*** Supplied records ***

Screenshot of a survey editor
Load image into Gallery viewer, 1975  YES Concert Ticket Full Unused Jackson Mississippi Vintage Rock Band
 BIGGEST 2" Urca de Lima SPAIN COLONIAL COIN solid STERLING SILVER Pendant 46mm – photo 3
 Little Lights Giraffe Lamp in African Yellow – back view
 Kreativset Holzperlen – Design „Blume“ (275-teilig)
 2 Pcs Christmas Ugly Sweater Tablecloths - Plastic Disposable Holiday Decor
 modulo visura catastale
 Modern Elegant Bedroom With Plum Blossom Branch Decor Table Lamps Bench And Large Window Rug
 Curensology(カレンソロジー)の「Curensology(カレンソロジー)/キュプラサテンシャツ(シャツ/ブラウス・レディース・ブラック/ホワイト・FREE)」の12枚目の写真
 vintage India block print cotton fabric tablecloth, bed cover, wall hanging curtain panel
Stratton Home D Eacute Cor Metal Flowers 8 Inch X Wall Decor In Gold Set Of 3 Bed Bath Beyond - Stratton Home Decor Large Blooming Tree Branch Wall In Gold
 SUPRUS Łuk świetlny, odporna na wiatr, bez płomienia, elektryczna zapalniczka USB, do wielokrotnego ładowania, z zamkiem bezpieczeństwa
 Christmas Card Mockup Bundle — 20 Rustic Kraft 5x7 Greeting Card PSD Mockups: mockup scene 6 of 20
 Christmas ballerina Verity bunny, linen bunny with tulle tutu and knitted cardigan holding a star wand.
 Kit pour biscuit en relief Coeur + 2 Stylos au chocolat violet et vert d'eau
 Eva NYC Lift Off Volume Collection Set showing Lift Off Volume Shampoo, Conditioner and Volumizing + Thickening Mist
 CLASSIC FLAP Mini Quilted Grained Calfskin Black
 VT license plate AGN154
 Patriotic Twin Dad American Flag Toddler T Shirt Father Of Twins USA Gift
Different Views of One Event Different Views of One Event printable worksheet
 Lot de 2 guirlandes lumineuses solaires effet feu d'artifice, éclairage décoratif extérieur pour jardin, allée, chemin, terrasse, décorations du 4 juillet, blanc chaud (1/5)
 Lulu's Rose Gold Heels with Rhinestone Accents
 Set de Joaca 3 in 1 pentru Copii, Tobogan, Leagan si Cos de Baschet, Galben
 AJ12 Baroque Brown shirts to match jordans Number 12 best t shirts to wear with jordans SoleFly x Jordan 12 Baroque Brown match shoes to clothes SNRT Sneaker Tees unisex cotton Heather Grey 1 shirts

*** End of Supplied records ***

§ **What you are asked to do**:
Print exactly the lines above from the one with "VT license plate AGN154" to the one with "Lulu's Rose Gold", including both.

§ **Task solution**:
 VT license plate AGN154
 Patriotic Twin Dad American Flag Toddler T Shirt Father Of Twins USA Gift
Different Views of One Event Different Views of One Event printable worksheet
 Lot de 2 guirlandes lumineuses solaires effet feu d'artifice, éclairage décoratif extérieur pour jardin, allée, chemin, terrasse, décorations du 4 juillet, blanc chaud (1/5)
 Lulu's Rose Gold Heels with Rhinestone Accents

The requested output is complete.